«Todos os que são conduzidos pelo Espírito de Deus são filhos de Deus» (Rm 8, 14). Estas palavras de S. Paulo exprimem o enorme dom que o Espírito Santo nos concede: sermos filhos de Deus. A consciência da nossa filiação divina faz-nos viver sem temor: «Não tenho medo de nada nem de ninguém: nem de Deus, que é meu Pai», dizia S. Josemaria. No aniversário da sua partida para o Céu, dia da sua festa, podemos considerar esta realidade, que foi o fundamento da sua vida espiritual e do carisma que entregou à Igreja.

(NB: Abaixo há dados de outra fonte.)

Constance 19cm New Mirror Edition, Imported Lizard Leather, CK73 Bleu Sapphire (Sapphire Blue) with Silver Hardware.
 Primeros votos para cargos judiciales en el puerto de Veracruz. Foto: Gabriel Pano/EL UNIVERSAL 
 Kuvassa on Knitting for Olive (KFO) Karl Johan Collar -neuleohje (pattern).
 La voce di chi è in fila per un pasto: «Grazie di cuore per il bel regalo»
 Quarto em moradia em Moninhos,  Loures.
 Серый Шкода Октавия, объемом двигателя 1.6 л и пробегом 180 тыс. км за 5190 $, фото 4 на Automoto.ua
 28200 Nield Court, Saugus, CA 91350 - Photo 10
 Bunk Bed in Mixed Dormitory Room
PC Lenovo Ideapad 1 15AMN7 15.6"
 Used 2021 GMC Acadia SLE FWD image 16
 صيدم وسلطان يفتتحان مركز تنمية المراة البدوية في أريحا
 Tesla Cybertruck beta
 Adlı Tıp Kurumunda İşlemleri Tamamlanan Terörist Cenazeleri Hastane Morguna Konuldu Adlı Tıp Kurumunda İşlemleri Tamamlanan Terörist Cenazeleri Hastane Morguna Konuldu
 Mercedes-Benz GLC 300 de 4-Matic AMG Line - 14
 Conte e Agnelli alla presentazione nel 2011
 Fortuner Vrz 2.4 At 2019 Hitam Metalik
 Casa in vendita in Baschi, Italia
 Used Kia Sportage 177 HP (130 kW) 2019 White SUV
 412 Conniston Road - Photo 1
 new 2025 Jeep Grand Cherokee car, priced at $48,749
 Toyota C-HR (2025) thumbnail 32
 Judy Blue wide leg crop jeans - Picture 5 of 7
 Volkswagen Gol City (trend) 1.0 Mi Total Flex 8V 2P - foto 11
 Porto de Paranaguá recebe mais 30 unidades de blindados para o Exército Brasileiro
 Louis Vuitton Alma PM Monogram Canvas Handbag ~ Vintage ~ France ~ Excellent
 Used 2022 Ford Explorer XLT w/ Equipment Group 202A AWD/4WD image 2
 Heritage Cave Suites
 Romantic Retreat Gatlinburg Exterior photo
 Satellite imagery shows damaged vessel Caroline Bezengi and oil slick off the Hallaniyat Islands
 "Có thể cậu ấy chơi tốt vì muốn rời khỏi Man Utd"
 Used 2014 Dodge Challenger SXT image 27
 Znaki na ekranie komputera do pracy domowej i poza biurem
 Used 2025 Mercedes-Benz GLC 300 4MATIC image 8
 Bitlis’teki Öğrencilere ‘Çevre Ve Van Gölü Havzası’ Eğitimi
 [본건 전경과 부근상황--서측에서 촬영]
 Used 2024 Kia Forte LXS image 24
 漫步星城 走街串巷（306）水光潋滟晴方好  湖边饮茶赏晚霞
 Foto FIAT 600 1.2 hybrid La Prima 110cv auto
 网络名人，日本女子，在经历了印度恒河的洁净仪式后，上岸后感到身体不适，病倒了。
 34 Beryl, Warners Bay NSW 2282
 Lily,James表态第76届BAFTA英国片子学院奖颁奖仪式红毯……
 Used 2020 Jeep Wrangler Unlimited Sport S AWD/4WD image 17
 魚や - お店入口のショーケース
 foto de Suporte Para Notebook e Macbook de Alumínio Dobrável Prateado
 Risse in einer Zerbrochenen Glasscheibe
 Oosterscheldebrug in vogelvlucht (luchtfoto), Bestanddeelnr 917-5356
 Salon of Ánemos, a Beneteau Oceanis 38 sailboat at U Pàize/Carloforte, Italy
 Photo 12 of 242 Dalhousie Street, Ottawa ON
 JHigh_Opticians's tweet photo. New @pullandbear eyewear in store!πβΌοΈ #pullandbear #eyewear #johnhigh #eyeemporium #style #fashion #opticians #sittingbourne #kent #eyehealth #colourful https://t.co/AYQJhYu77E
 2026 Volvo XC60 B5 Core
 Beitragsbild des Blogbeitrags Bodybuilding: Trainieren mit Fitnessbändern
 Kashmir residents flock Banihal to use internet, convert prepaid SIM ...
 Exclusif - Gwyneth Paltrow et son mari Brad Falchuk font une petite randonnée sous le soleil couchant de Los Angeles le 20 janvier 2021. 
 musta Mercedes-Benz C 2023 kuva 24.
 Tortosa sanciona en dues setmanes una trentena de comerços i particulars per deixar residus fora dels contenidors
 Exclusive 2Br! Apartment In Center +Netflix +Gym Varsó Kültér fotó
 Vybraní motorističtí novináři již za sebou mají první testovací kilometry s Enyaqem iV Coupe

O fundador do Opus Dei considerava-se diante de Deus como uma criança que balbucia, e isto levava-o a desejar crescer sempre no amor a Deus; a começar e recomeçar cada dia. Tinha uma intimidade com o Senhor que o levava a ver todos os acontecimentos como gestos do Seu amor paterno. Hoje podemos perguntar-nos se nós também deixamos que a consciência de sermos filhos de Deus envolva todas as dimensões da nossa vida. Considerar frequentemente, com fé, a nossa filiação divina, ajudar-nos-á a percorrer com esperança, dia a dia, apesar da nossa fraqueza e das circunstâncias alheias à nossa vontade, o caminho rumo à identificação com Cristo, rumo à santidade, como nos diz S. Josemaria: «Jesus compreende a nossa debilidade e atrai-nos a Si como em plano inclinado, desejando que saibamos insistir no esforço de subir cada dia um pouco» (Cristo que passa, n.75).
Este abandono filial impele-nos a seguir o convite de Jesus aos Apóstolos a remar pelo mar dentro. Muitas vezes, o temor do fracasso pode paralisar os esforços por servir os demais; noutras ocasiões pode ser o temor de deixar as nossas comodidades que nos leve a não querer abandonar a segurança da margem. Mas o Senhor anima-nos a entrar nesse mar maravilhoso da vida de apóstolo. É como se nos dissesse: confia na tua verdade mais íntima, seres filho de Deus, e não tenhas medo de caminhar pelo mundo que, por vezes, se apresenta como um mar revolto. E será assim que encontraremos a alegria e a paz.
O mar do mundo vê-se agitado por muitos conflitos como a guerra na Ucrânia, que nos afetam profundamente. Também encontramos pequenas ou grandes tempestades no nosso dia a dia: no trabalho, na família, na nossa própria relação com Deus. Como Pedro, podemos ter a experiência de trabalhar toda a noite e não ter pescado nada. Mas o apóstolo não se fiou nas próprias forças, mas sim na palavra do Mestre. E o resultado não deixou lugar para dúvidas: «apanharam tão grande quantidade de peixes que as redes começavam a romper-se» (Lc 5, 6). Ele sabe mais, e os seus planos são sempre bons.
Também hoje Jesus nos chama a lançar-nos a uma evangelização, a um apostolado, que não entende de medos, pois sabemos que é o Senhor a levar a nossa barca. Ele promete-nos uma existência de entrega em que, junto com muitas alegrias, também não faltarão «os sofrimentos do tempo presente» que, contudo «não têm comparação com a glória que se há de manifestar em nós», como escreve S. Paulo (Rm 8, 18).
Também não faltou o medo na vida dos Apóstolos. Depois da morte de Jesus, não foram capazes de sair das suas casas. Os seus desejos de fazer-se ao largo tinham desaparecido. Podemos perguntar-nos, com o Papa Francisco: «Quantas vezes também nós nos fechamos em nós mesmos? Quantas vezes, por causa de uma situação difícil, de um problema pessoal ou familiar, do sofrimento que nos marca ou por causa do mal que respiramos à nossa volta, caímos lentamente na perda da esperança e na falta de coragem para continuar?» (Angelus, 28/05/2023).
Só depois de receberem o Espírito Santo, os Apóstolos abriram as portas e ficaram libertos dos seus medos. Tornaram-se então testemunhas incansáveis do Evangelho, a ponto de chegarem até aos confins do mundo conhecido e de dar a própria vida. Podemos pedir ao Paráclito que nos ajude a sair do labirinto das nossas preocupações; que nos liberte do medo de remar ao largo, de enfrentar as pequenas e grandes batalhas da vida de apóstolo. O Espírito Santo aviva em nós a consciência da nossa filiação divina. Faz-nos sentir uma proximidade de Deus que transforma o nosso medo em confiança, a nossa paralisia em audácia, as nossas dúvidas em segurança.
A Virgem Maria, que alentou os primeiros passos da vida da Igreja, também nos ajuda na aventura divina de avançar mar adentro. Acolhemo-nos à sua intercessão materna, para que nos acompanhe neste empenho sustidos por Ela, que é, como repetia S. Josemaria, Spes nostra, a nossa Esperança.